Fidel Castro and Franklin D. Roosevelt

You'd think that "his autograph" would be the obvious answer; but according to my researches, it's not the correct one.

What he actually asked for, it appears, was a ten dollar bill.

History Today describes how the young Castro wrote to Roosevelt on 6 November 1940, to congratulate him on his re–election the day before for a second term as US President. The word 'autograph' doesn't appear in the article, but the following words do: "On [his] second page, the precocious Castro gets to his main point: 'If you like, give me a ten dollar bill green American'."

A blog named Pieces of History, in the US National Archives, has images of the entire letter, along with a transcript:

Santiago de Cuba, November 6th 1940

Mr. Franklin Roosevelt
President of the United States:

My good friend Roosevelt:

I don't know very English, but I know as much as write to you.

I like to hear the radio, and I am very happy, because I heard in it, that you will be President for a new (periodo).

I am twelve years old. I am a boy but I think very much, but I do not think that I am writing to the President of the United States.

If you like, give me a ten dollars bill green american in the letter, because never, I have not seen a ten dollars bill green american and I would like to have one of them.

My address is:

Sr. Fidel Castro
Colegio de Dolores
Santiago de Cuba
Oriente Cuba

I don't know very English but I know very much Spanish and I suppose you don't know very Spanish but you know very English because you are American but I am not American.

Thank you very much

Good by. Your friend,

F. Castro (signed)

Fidel Castro

If you want iron to make your ships I will show to you the bigest (minas) of iron in the land. They are in Mayorí, Oriente, Cuba.

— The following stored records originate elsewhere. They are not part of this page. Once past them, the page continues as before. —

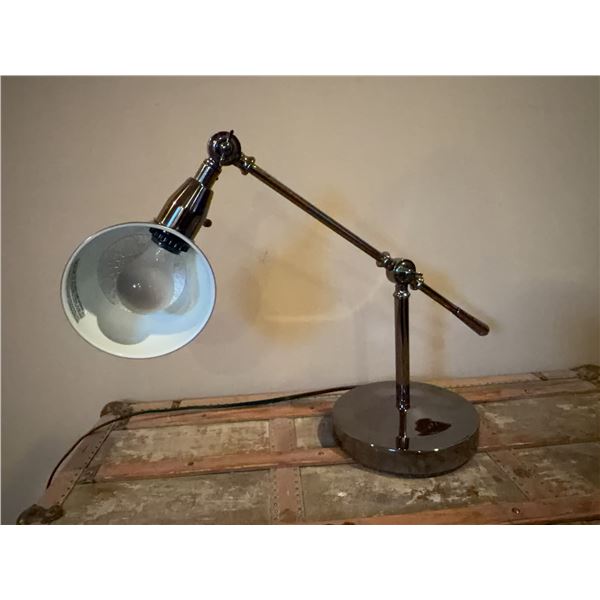Chrome Adjustable Desk Lamp With Round Base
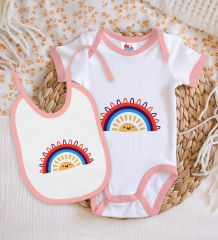 BK Kids Gökkuşağı Tasarımlı Pembe Bebek Body Zıbın ve Mama Önlüğü Hediye Seti-1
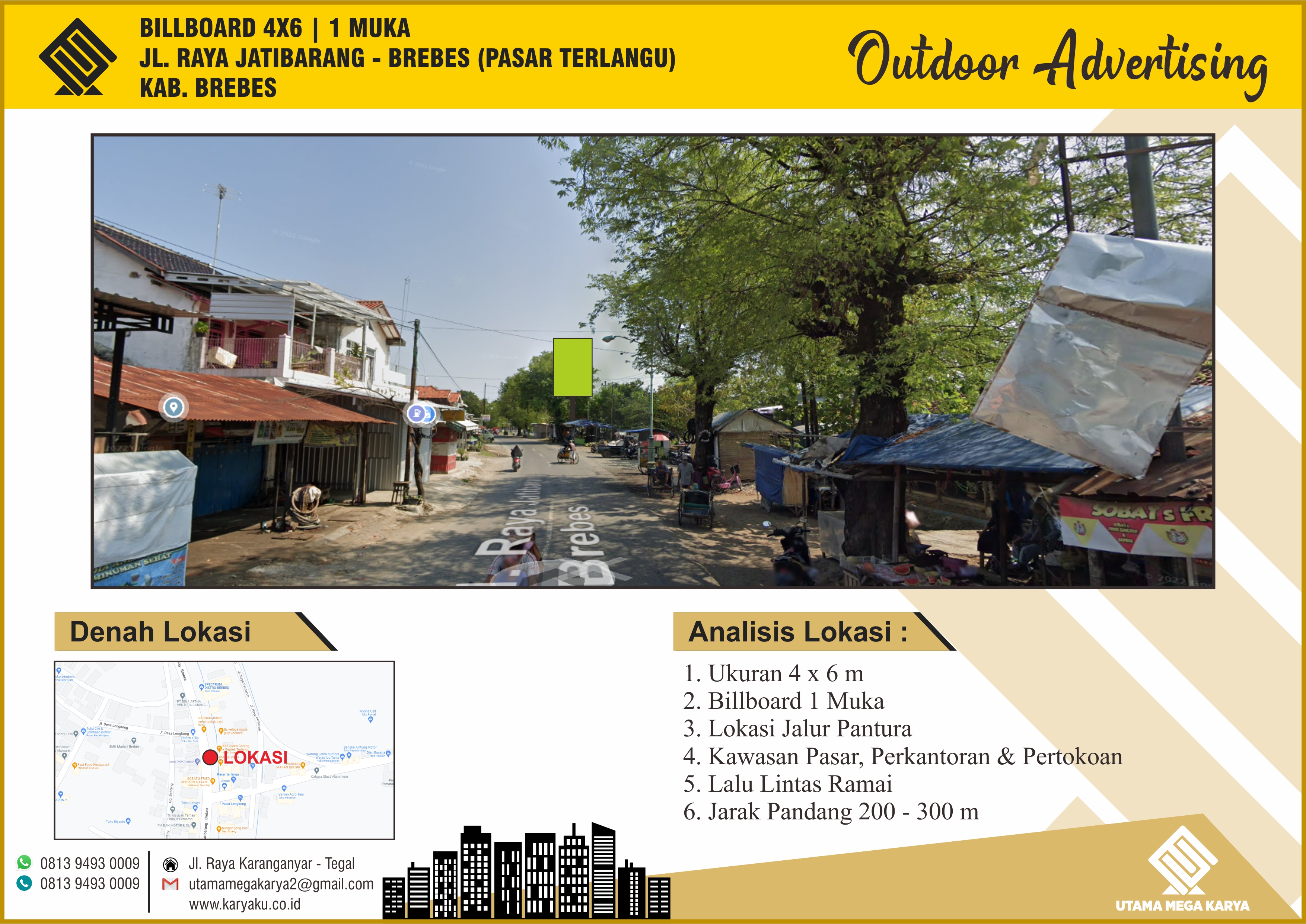 Sewa Titik Billboard Brebes, Jl. Raya Jatibarang (Pasar Terlangu), Kab. Brebes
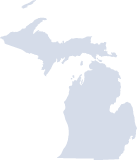 Outline map of Michigan.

Castro received a reply to his letter; he showed it to his school friends and it ended up on a school bulletin board. But he was angry that the President had not enclosed a ten–dollar bill, and had rejected his offer to show him Mayarí's iron mines.

History Today concludes: "It would be an exaggeration to claim that this exchange was the genesis of Castro's unremitting anti–Americanism, but certainly the experience did not augment any admiration that he may have had for the US."